This week I reviewed five albums. Last Friday, I laid out the next five reviews I wanted to do — Weedpecker, Colour Haze, Conan, Mammatus and Papir, in that order — and this week I fucking did it. I can’t remember the last time I reviewed five albums in the same week. It’s been at least a year. It felt good, even if it didn’t leave me much time for anything else. Next week I want to try something different. I’ve got a little stack of stuff that’s been around for a while and I’d like to try putting together a roundup that’s somewhere between the Reviewsplosion-style 100-word stuff I’ve done a couple times and the 1,000-ish words (I’ve actually been trying to cut that down too) that a lot of records seem to get around here. Seems like an interesting challenge to try to say everything I want to say about an album in 300 words, still try to convey some of what I perceive of the spirit of the thing in that limited space. Trying to hone a more efficient approach, in other words. I’m still going to do larger-form reviews as well, but maybe once I week or once every couple weeks I squeeze in a roundup of stuff I might not otherwise have room for and at the same time force myself a little bit out of my run-on-sentence comfort zone. I’ll give it a shot this week and see how it goes, and look out for a Green Dragon tape review, a review of the live Leaf Hound record that Ripple put out, the new The Wounded Kings and other stuff as well.

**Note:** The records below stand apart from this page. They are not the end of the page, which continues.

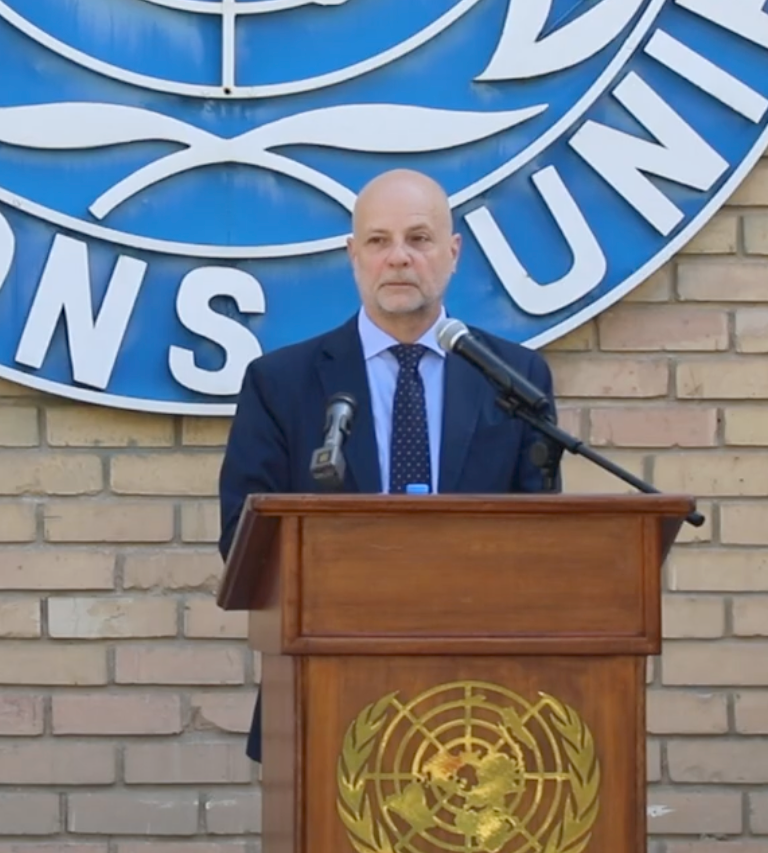 A person stands at a podium with microphones, speaking at an event in front of a United Nations logo.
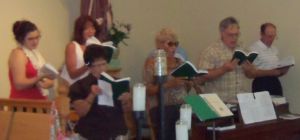 The choir sings the opening hymn with the people.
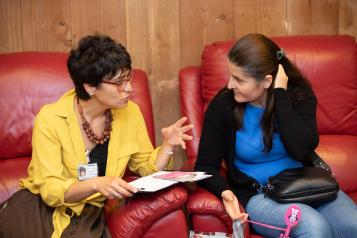 Two women sitting in red armchairs talking about information in a folder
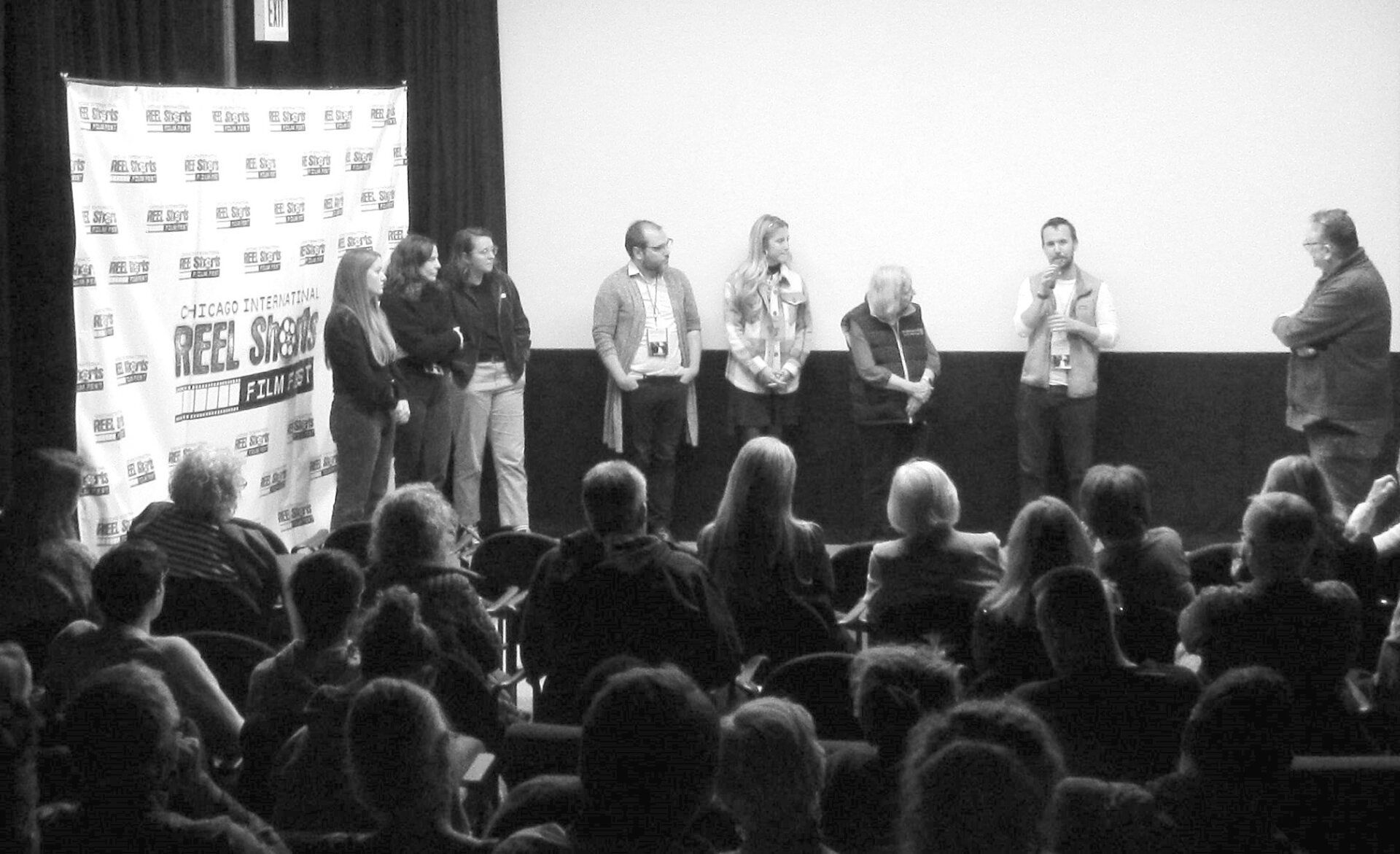 Panel of people on a stage, facing an audience at a film screening.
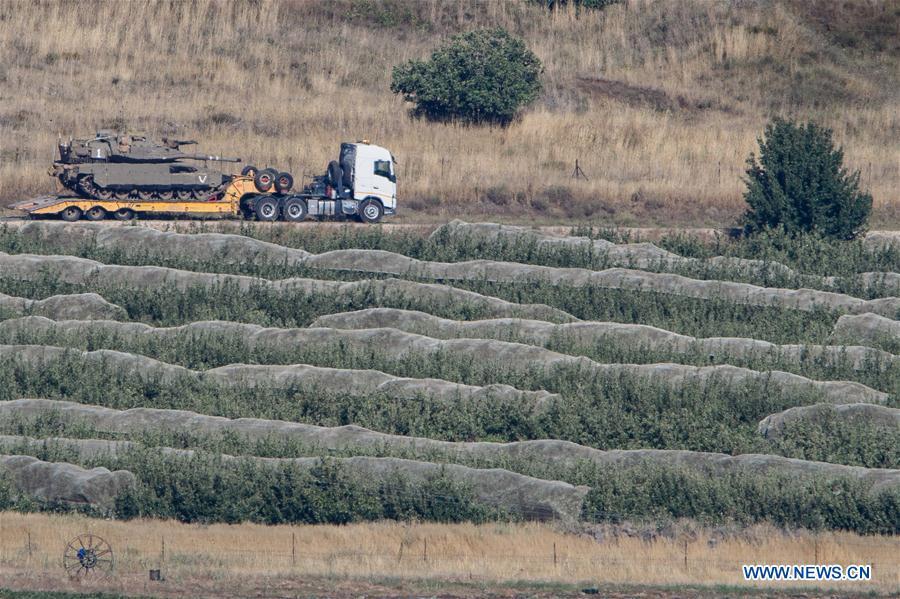 An Israeli tank is carried by a vehicle near the ceasefire line with Syria on the Israeli-occupied Golan Heights on July 1, 2018. The Israel Defense Forces (IDF) deployed additional tanks and artillery on the Golan Heights. (Xinhua/Ayal Margolin-JINI)
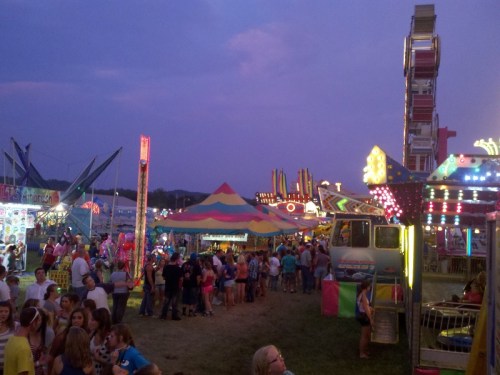 A vibrant carnival scene at dusk, featuring colorful rides, tents, and crowds enjoying the festivities.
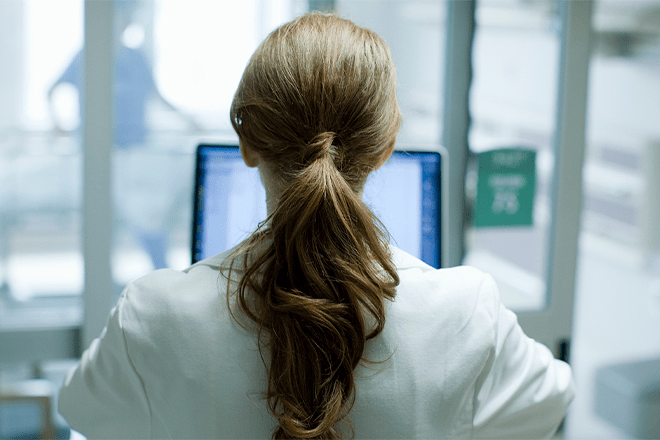 woman staring at a computer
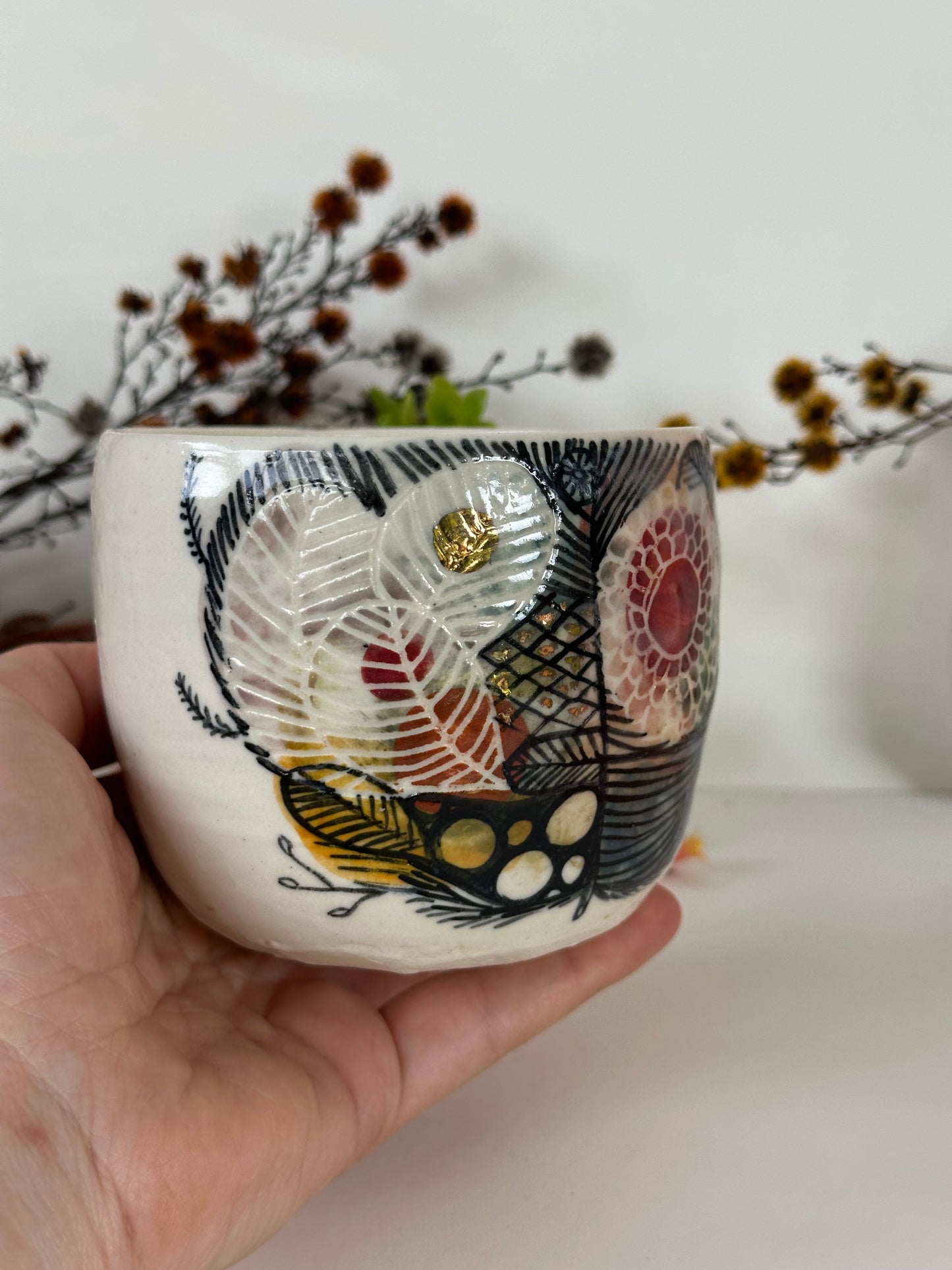 ‘Feather’ hand painted cup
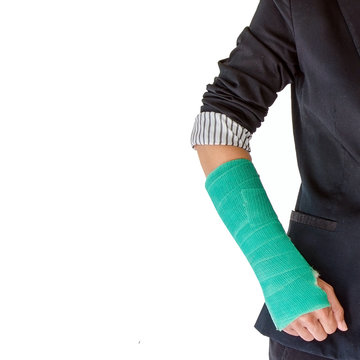 Closeup of a broken arm in a cast isolated on white background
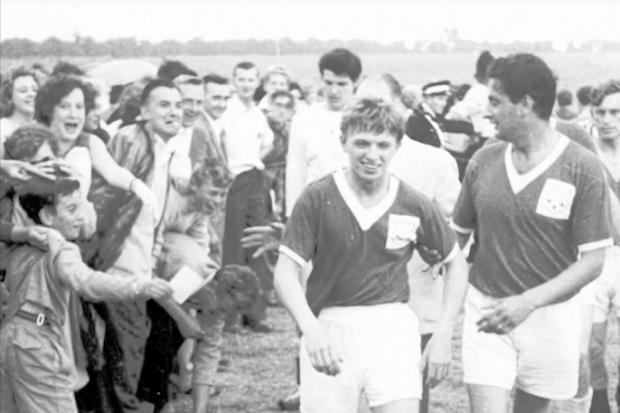 Tommy Steele and Bernie Winters leave the Camrosefootball ground after a charity match
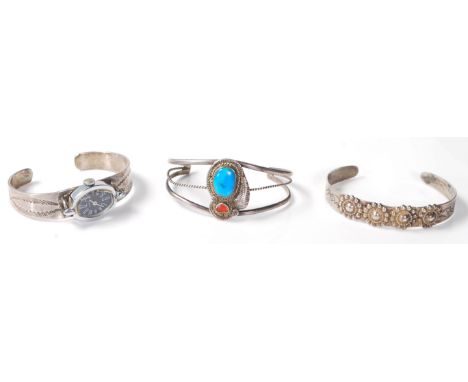 A group of three native American Navajo silver bangle bracelets to include one split band bangle marked RY set with turquoise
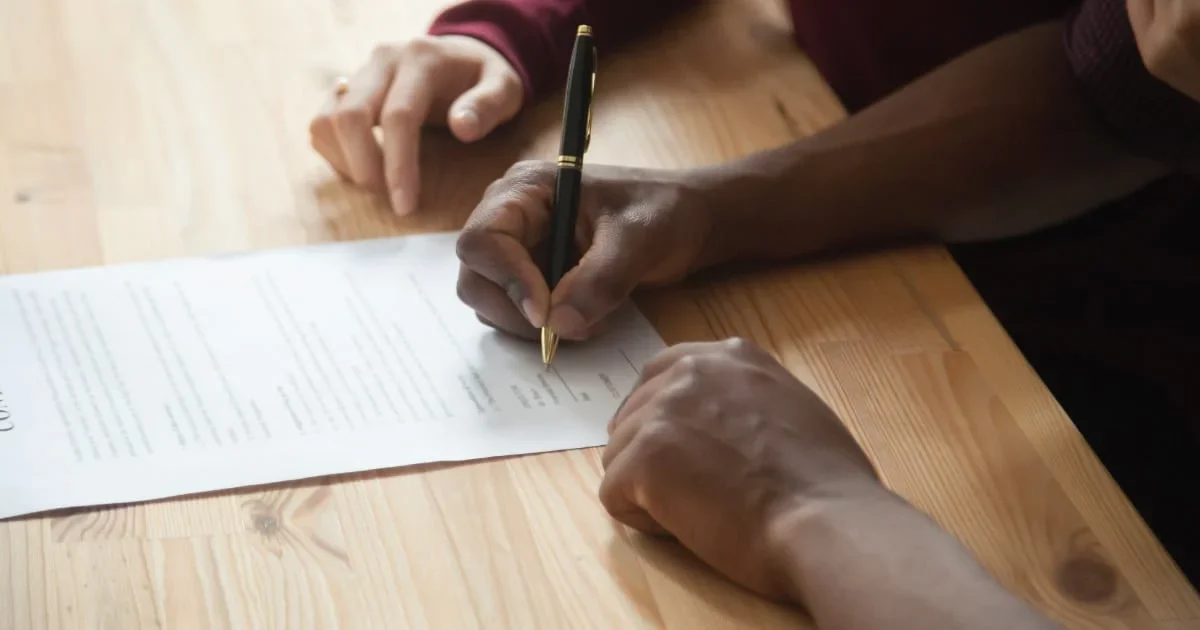 man signing lease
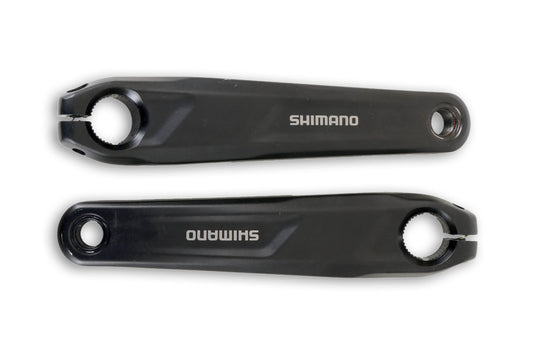 A top view of a pair of black ICE Take-Off Shimano Steps EP6 170mm Crankarms with Slots with the Shimano logo in white. 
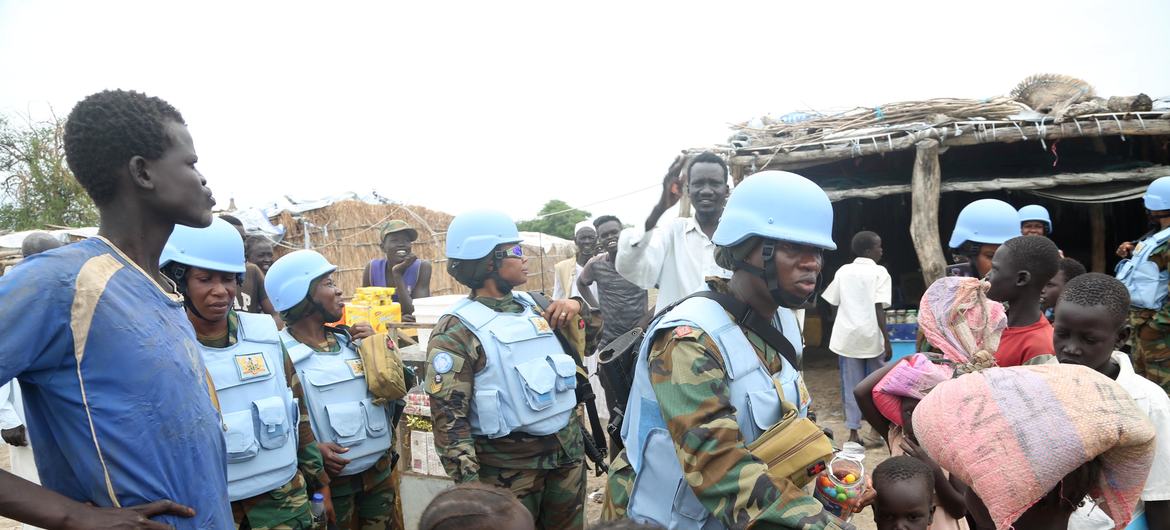 Le commandant du peloton d'engagement ghanéen de la FISNUA, la capitaine Cecilia Arzua, Défenseur militaire de l'égalité des sexes de l'ONU pour 2022, distribue des bonbons à des enfants d'Abyei.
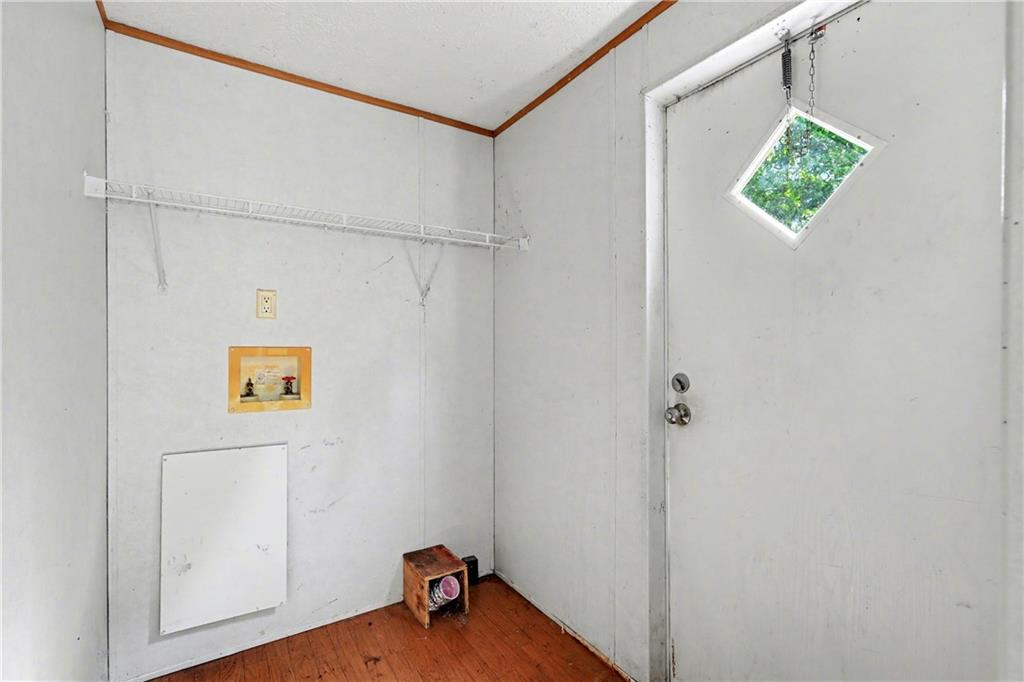 249 John Golden Road Temple, GA 30179 - Photo 44 of 45 a view of a room with wooden floor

Wherever you are tonight, I hope it’s more than 9 degrees and that you’re grooving out easy on the Brant Bjork and there’s no drama where you don’t want it and that all is cool. We’re coming to the end of January, so I’m thinking about the anniversary of this site, and it’s a big one. I don’t have anything really on tap to celebrate — as I see it, the way you celebrate working on something is by working on it — but we’ll mark the occasion this week anyway, though I think posts might be light on Friday otherwise. We’ll see how it goes.

Have a great and safe weekend, and please check out the forum and radio stream.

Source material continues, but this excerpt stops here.